St. Paul opens his Epistle to the Romans by declaring that he has been “separated unto the gospel [good news] of God” (Rom. 1:1). This agrees with Galatians 1:15,16, where he says:
“It pleased God, who separated me, from my mother’s womb, and called me by His grace, to reveal His Son in me…”
The last book of the Bible tells of the coming “revelation of Jesus Christ” in glory, to judge the world and reign on earth, but here in Galatians we have “the revelation of Jesus Christ” in Paul, the chief of sinners, saved by grace. The salvation of Paul, the one-time leader of the world’s rebellion against Christ, indicated God’s willingness, yes His desire, to save sinners. Thus it was appropriate that God should choose him as the apostle of His grace, making the good news known “to all nations for the obedience of faith.”
Let us not suppose, however, that Paul’s gospel concerned only himself or God’s grace to him. Apart from Christ’s payment for sin at Calvary God could not justly have saved Paul — or any of us. Thus the Apostle goes on, in Romans 1, to explain that this good news which God has sent him to proclaim is “concerning His Son, Jesus Christ our Lord” (1:3).

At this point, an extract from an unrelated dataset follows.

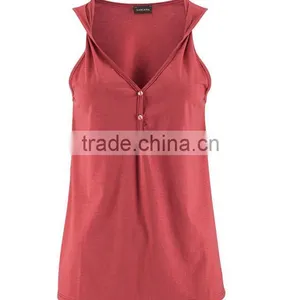 New Women T-shirt Europe and the United States Foreign Trade V-neck Button Buckle Twisted Vest thumbnail-5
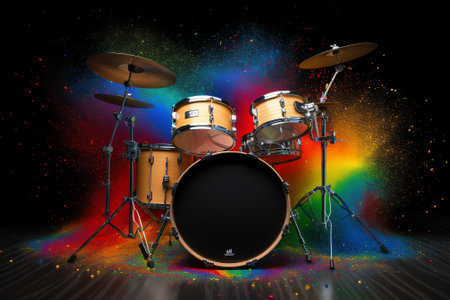 Drum set on a black background with multicolored splashesの素材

All through Paul’s epistles he proclaims salvation by grace, on the basis of Christ’s finished work of redemption:
“Being justified freely by His grace, through the redemption that is in Christ Jesus” (Rom. 3:24).
“Who was delivered for our offences and raised again for our justification. Therefore being justified by faith, we have peace with God through our Lord Jesus Christ” (4:25; 5:1).
“Where sin abounded, grace did much more abound, that… grace might reign through righteousness, unto eternal life, by Jesus Christ our Lord” (5:20,21).